OPEC countries will take in $1 trillion in oil export revenues in 2011 if per-barrel prices stay above $100 on average for the rest of the year, the International Energy Agency (IEA) reports.
The Organization of the Petroleum Exporting Countries has never broken $1 trillion in a year, even in 2008, when prices were high although revenues hit $990 billion.
“It would be the first time in the history of OPEC that oil revenues have reached a trillion dollars. It’s mainly because of higher prices and higher production," Fatih Birol, chief economist at the IEA, tells the Financial Times.

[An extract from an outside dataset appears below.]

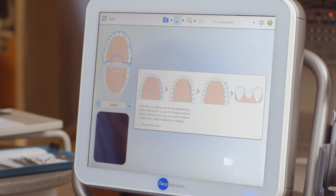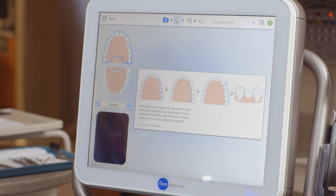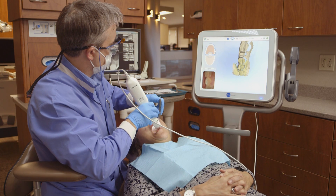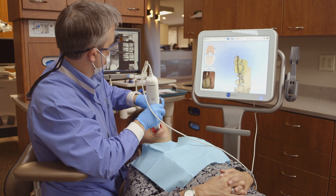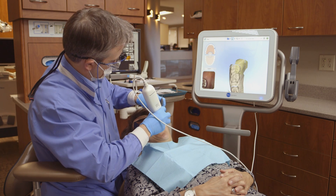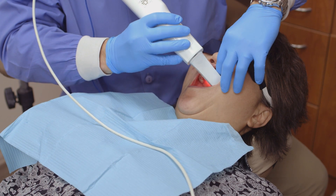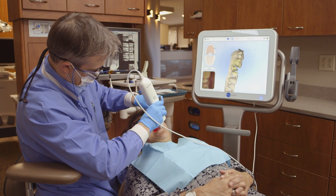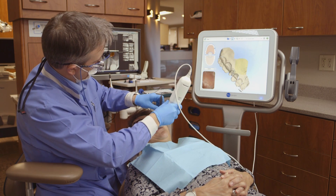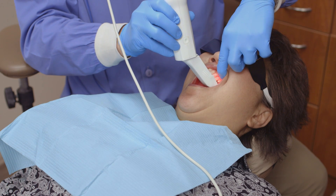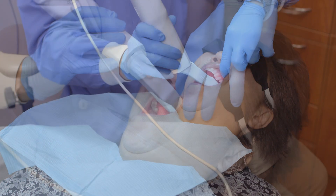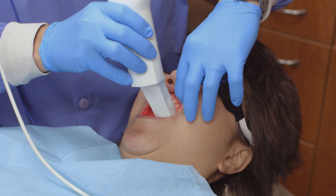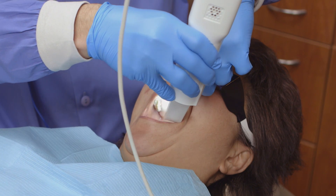Once I have captured the desired area of the prep tooth, I will follow the guidance hints to complete scanning of the prep arch. I will scan the occlusal surface for the desired area, then roll to the lingual to scan the lingual surfaces, and then roll to the buccal to scan the buccal surfaces. Next, I will capture the adjacent contacts. There are two ways to easily capture these contact surfaces. The first option is to lay the wand tip flat on the occlusal surface and angle the wand tip to capture the desired area. Alternatively, I can approach the prep from the side and rotate the wand tip to capture the desired area.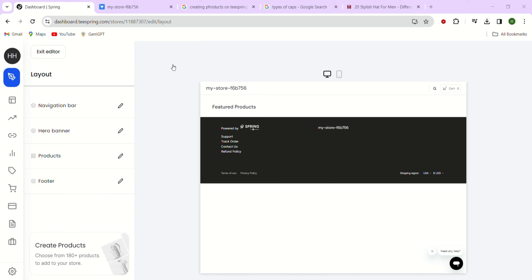Just take your time to go through the products and select the ones you have created specifically for this store. In my case, I only have one product, which is this one, so I'll select that. After selecting all your products, just click on the add button here.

|OPEC headquarters in Vienna
Oil producers, wary that prices may climb too high and crimp demand, have agreed to boost output in order to ease the pain of their customers.
"However, Saudi Arabia has made substantial efforts to calm down the oil markets by increasing production and hinder prices from going higher," Birol adds.
The estimate does not factor in inflation, meaning 2008 export revenue may have broken the $1 trillion mark if inflation were factored in.
While higher oil prices may be good for OPEC countries and even non-OPEC oil producers like Russia, others are feeling the pain.
Rising fuel prices helped punish the U.S. consumer confidence index, which fell to 63.4 in March from a three-year high of 72.0 in February, wiping out five straight months of improvement.
"Rising food and gasoline prices are starting to take their toll on the consumer psyche, and Japan's triple calamity — earthquake, tsunami and nuclear disaster — has been very unsettling," Chris Christopher Jr., senior principal economist at HIS Global Insight, tells the Associated Press.